Recomendaciones del Comité

Recomendaciones del Comité
  1. 645. En vista de las conclusiones que preceden, el Comité invita al Consejo de Administración a que apruebe las siguientes recomendaciones:
    • a) el Comité espera que finalice sin demora el proceso en curso de enmienda del Código de Infracciones, a fin de abordar esta cuestión de larga data y contribuir a fortalecer el régimen de sanciones por actos de injerencia antisindical, de modo que dichas sanciones abarquen una amplia gama de actos antisindicales y sean suficientemente disuasorias.

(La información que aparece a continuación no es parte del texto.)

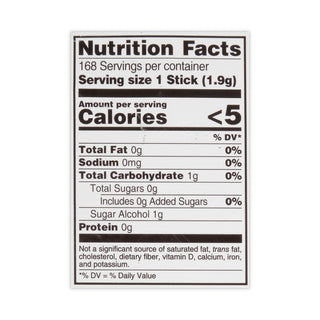 sugar-free-gum-wintergreen-14-sticks-pack-12-packs-carton-ships-in-1-3-business-days_grr30400058 - 2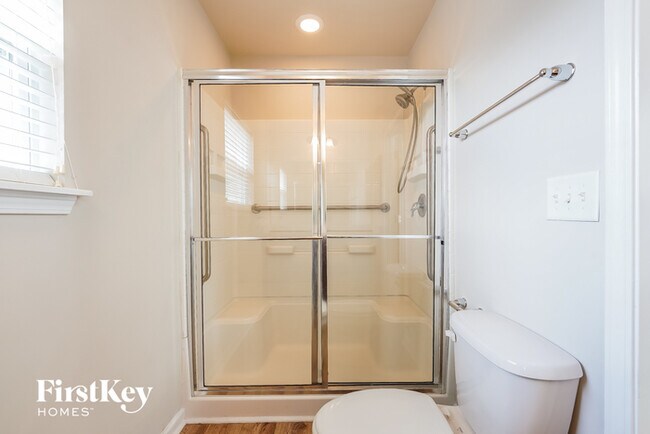 Building Photo - 134 Coosawatchie St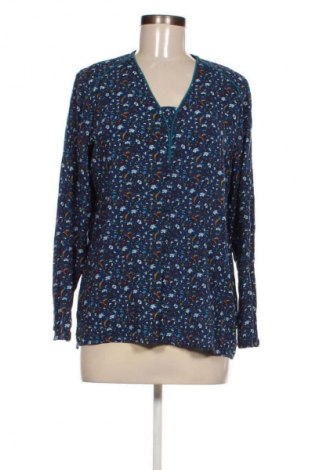 Damen Shirt Esprit, Größe L, Farbe Mehrfarbig, Preis € 14,32
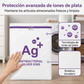 🔥💥 ¡50% DE DESCUENTO HOY! 🏠 Organiza tu Hogar con Bolsas de Compresión – Adiós al Desorden y al Caos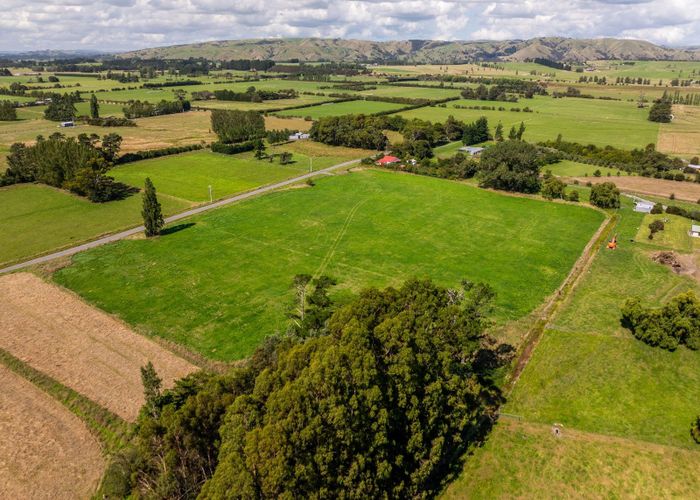  at 2 Kaitara Park Lane, Greytown, South Wairarapa, Wellington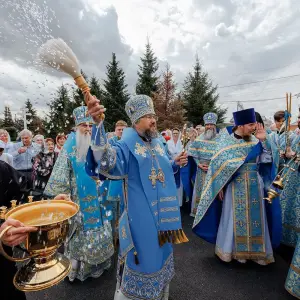 agr_0656-kopiya-2023_07_01_1729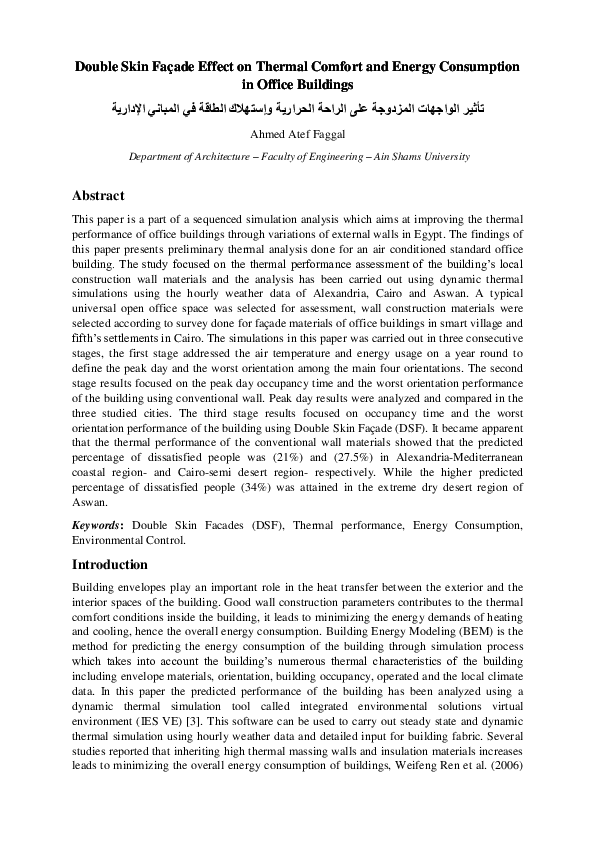 Thermal comfort thesis 04 image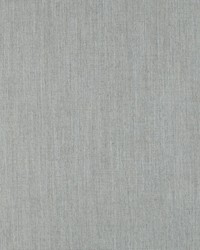 BELFAST 902 FLECK by   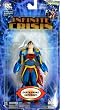 Infinite Crisis Series 1: Earth-Prime Superboy Action Figure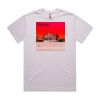 Men's Heavy Tee (Same Day) Thumbnail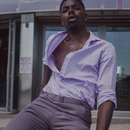 Salt Lake City black guy waiting for the right woman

El Comité pide al Gobierno que facilite información actualizada sobre la enmienda del Código de Infracciones a la Comisión de Expertos, a la cual remite los aspectos legislativos del presente caso;
    • b) el Comité espera que las iniciativas señaladas por el Gobierno, y en particular la propuesta de crear un mecanismo de investigación, permitan a este esclarecer plenamente los incidentes denunciados de discriminación antisindical e injerencia en las actividades sindicales en el Centro Nacional, así como adoptar las medidas necesarias para dar respuesta a esos graves alegatos. En particular, el Comité pide al Gobierno que adopte las medidas necesarias para examinar rápidamente los alegatos concretos de discriminación antisindical contra los miembros y dirigentes del sindicato de base, de manera que las medidas de reparación que puedan ser necesarias resulten verdaderamente eficaces. El Comité pide también al Gobierno que adopte las medidas necesarias para que la inspección del trabajo disponga de todos los instrumentos requeridos para asegurar en la práctica una adecuada protección contra la discriminación y la injerencia antisindicales;
    • c) el Comité considera que este caso no requiere un examen más detenido y queda cerrado.